“For happiness, a person needs to know himself,” he told The Moscow Times. “Get to know yourself. Who are you? In one place, we are one person. At home, we’re another person. In another place, we are a third type of person. Where is the real you? Who’s the real you?”

Persona non-grata

But Mayakovsky is not Dudarev’s only literary interest. He has also designed a statue, now standing in the town, of author Leo Tolstoy, who was highly critical of the Orthodox Church and excommunicated nine years before his death.

His other public works include arranging for a World War II tank to be installed in a newly landscaped site in the center of Pushkino to “help people understand the facts” of the conflict. He is hoping to add a fighter plane later this year.

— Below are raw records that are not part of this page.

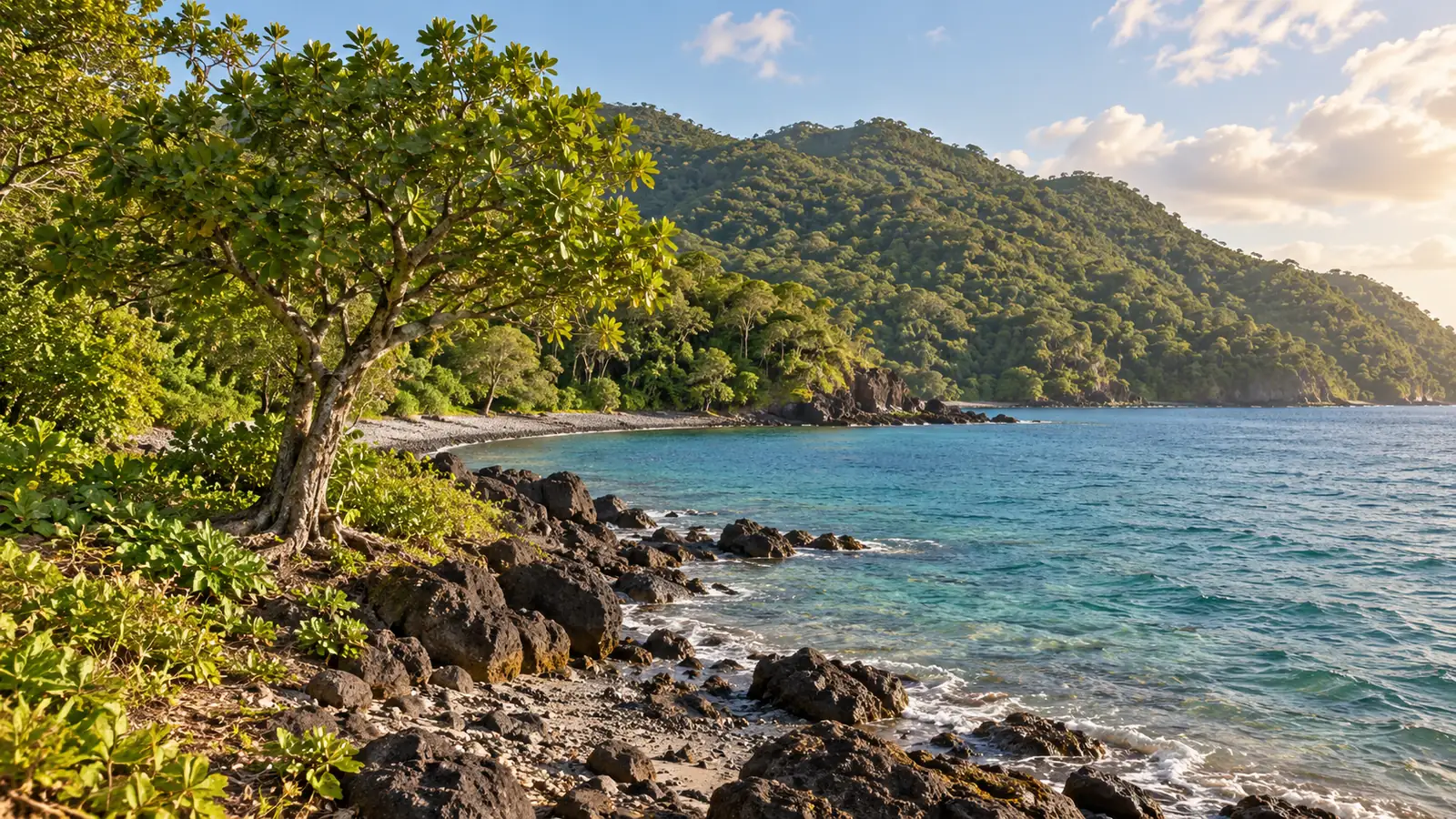 Illustrazione in stile fotografico ispirata a Dominica: un albero costiero frondoso accanto a rocce scure, acqua di baia blu-verde e colline tonde ricoperte di foresta sotto una luce diurna calda.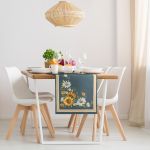 niebieski obrus gobelin szarfa słoneczniki 45x140 EUROFIRANY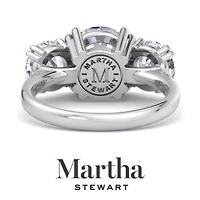 Lab Created Martha Stewart 5 Carat Round Grown Diamond Three Stone Engagement Ring Available 14K White and Yellow Gold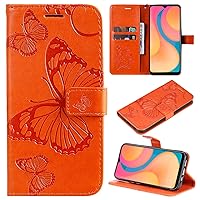 XYX Wallet Case for Samsung Galaxy S24, Embossed Butterfly PU Leather Case Flip Protective Phone Cover with Card Slots and Kickstand, Orange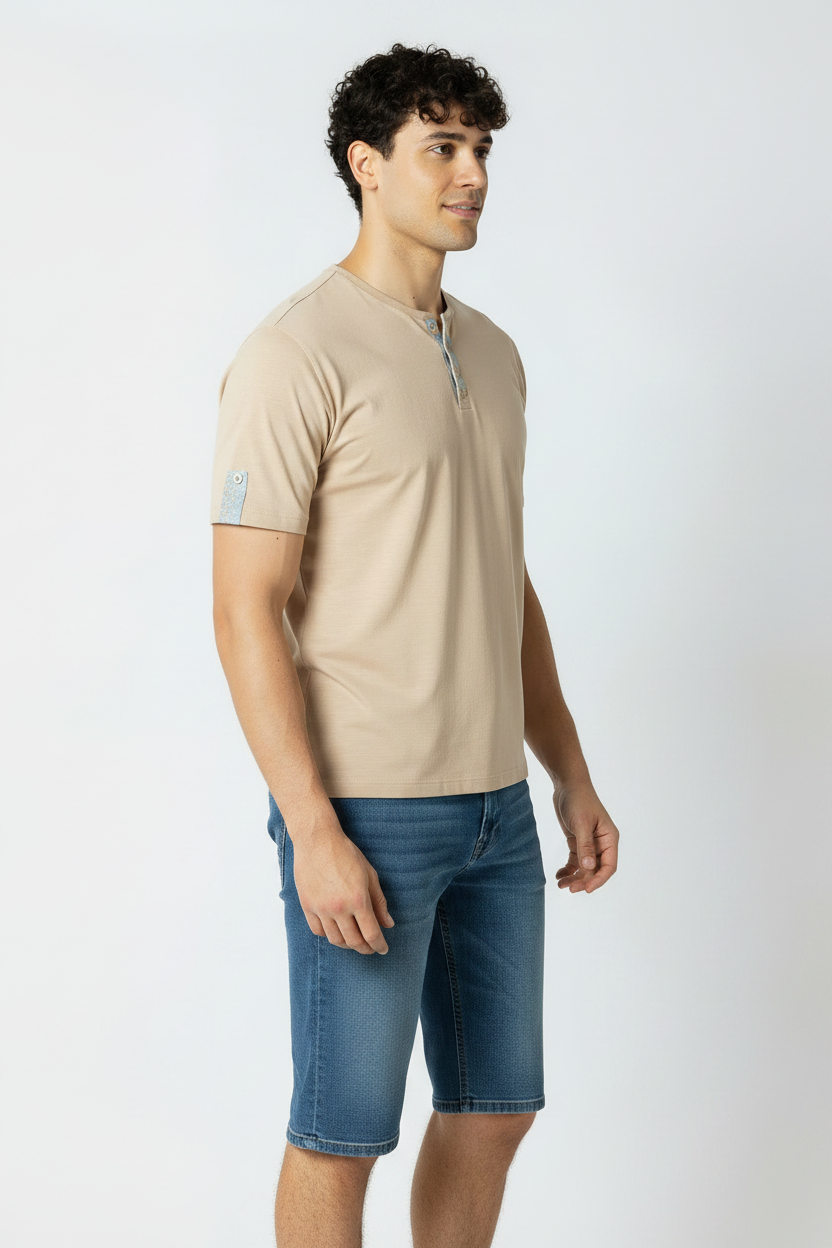 T-Shirt Serafino con inserti|Colore:Beige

Dudarev says his projects are embarrassing for the cash-strapped local government and the Orthodox Church. “When people see activity in their backyard they are, of course, unhappy because this activity makes their passivity look bad.”

In October, he was dismissed as the head of Pushkino parish after 18 years for allowing church buildings to be constructed too close to nearby gas pipelines. “That was the formal reason,” he says. “But I fear that there was an informal reason: I am a difficult person to have around.”

In 2012, Dudarev was filmed angrily responding to activists in Moscow who glued a large sticker to the windscreen of a Mercedes he had parked illegally. He says the Mercedes was hired and the footage of the incident was misleadingly edited.

On Dudarev’s request, the Mayakovsky museum and the monuments he installed in Pushkino were transferred to state ownership. But he says officials remain “wary” of him and his friends who donated around 50 million rubles ($877,000) to fund the projects.